__Your assignment__.
When you reach the line in the data below that contains "120 Highpoint Crescent — photo 33 of 40", please start repeating lines exactly, and stop after the line that contains "Chaleureux En Plein", repeating nothing else.

__Recorded data__.
------------------------------------------------------------
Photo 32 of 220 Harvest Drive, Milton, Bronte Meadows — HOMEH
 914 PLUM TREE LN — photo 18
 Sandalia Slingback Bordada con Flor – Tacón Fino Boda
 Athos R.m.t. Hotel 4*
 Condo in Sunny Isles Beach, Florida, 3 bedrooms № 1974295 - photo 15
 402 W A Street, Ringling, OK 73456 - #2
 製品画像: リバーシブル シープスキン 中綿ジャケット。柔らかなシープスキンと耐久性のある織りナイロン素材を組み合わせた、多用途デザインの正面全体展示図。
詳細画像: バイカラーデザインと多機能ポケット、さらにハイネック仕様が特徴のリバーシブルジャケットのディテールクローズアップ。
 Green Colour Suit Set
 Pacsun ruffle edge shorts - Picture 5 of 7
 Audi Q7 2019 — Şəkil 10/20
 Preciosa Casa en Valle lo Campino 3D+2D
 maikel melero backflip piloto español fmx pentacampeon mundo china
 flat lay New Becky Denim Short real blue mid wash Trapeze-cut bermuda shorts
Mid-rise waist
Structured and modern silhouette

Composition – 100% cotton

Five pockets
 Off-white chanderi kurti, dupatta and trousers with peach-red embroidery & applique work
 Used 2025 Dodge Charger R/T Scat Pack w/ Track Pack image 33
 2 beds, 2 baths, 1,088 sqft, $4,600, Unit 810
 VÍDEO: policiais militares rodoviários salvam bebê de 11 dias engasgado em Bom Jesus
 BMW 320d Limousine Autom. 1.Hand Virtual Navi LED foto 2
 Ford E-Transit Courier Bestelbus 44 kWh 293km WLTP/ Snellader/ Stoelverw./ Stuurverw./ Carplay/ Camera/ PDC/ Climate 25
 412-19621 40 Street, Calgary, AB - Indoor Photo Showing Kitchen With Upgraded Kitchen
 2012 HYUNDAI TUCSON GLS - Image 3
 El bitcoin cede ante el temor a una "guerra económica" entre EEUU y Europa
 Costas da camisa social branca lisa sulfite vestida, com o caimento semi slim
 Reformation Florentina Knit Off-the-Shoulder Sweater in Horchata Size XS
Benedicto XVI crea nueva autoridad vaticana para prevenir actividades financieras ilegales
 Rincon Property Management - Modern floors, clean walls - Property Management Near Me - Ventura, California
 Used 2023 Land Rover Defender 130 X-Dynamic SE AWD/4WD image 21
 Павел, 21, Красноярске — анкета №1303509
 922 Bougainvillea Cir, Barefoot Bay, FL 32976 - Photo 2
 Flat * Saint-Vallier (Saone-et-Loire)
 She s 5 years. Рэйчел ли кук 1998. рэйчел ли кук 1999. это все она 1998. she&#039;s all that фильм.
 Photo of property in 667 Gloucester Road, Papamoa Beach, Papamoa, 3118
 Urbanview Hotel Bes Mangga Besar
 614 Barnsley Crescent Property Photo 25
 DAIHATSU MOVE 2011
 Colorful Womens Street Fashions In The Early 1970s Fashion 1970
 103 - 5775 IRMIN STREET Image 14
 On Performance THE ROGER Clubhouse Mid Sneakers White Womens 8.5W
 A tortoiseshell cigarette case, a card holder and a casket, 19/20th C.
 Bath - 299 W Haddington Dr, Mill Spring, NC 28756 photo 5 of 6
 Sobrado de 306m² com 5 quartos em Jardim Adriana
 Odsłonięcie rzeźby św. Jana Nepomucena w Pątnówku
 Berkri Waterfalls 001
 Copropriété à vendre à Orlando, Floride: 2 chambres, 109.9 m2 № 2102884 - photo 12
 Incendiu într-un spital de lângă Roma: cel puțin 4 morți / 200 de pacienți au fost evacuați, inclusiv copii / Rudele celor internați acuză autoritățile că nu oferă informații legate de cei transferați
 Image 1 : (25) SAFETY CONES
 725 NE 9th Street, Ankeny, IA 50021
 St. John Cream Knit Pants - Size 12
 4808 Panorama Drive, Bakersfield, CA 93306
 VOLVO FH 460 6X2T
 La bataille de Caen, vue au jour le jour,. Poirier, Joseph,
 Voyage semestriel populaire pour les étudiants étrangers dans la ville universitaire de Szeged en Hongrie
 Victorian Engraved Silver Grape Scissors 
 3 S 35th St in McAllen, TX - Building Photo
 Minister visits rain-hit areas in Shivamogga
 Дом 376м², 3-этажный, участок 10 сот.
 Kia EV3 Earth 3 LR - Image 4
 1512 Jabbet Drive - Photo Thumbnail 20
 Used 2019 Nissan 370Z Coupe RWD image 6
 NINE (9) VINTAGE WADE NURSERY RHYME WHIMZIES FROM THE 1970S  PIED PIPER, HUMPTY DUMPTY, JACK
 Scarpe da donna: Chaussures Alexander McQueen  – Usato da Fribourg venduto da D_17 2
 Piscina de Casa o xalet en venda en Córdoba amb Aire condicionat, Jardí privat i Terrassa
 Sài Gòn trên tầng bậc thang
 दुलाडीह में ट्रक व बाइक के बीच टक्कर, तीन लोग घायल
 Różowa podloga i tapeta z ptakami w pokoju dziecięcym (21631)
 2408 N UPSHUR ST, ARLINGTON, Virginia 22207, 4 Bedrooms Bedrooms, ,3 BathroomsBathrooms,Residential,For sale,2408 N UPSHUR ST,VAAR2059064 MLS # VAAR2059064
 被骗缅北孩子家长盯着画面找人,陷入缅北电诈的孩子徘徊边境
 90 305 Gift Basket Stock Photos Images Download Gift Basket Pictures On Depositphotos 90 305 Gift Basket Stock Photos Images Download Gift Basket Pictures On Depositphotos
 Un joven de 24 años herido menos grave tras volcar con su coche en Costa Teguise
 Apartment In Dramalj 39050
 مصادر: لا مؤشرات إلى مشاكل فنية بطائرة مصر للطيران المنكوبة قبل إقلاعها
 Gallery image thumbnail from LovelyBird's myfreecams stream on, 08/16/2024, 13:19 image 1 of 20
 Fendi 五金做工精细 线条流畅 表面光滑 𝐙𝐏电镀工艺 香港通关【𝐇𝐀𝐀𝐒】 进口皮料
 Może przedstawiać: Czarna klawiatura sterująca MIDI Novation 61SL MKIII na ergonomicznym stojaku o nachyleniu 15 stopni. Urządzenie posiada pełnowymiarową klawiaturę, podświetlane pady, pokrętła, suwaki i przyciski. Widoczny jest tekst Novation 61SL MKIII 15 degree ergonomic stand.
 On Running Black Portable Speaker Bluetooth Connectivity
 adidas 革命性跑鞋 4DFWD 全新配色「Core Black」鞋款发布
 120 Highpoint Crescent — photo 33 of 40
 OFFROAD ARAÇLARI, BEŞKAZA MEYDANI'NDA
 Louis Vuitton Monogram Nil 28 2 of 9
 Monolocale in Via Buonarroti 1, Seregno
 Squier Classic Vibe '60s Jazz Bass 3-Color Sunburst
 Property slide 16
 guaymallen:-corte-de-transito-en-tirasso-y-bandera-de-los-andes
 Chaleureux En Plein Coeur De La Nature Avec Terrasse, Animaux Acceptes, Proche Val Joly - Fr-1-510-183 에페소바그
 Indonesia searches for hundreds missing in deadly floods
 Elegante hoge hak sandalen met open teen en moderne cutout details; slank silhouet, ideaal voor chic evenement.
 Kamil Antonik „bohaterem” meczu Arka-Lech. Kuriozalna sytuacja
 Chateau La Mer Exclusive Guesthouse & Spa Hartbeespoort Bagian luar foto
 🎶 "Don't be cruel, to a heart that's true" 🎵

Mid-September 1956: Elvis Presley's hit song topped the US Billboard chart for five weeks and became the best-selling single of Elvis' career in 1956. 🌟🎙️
------------------------------------------------------------
__Worked solution__.
 120 Highpoint Crescent — photo 33 of 40
 OFFROAD ARAÇLARI, BEŞKAZA MEYDANI'NDA
 Louis Vuitton Monogram Nil 28 2 of 9
 Monolocale in Via Buonarroti 1, Seregno
 Squier Classic Vibe '60s Jazz Bass 3-Color Sunburst
 Property slide 16
 guaymallen:-corte-de-transito-en-tirasso-y-bandera-de-los-andes
 Chaleureux En Plein Coeur De La Nature Avec Terrasse, Animaux Acceptes, Proche Val Joly - Fr-1-510-183 에페소바그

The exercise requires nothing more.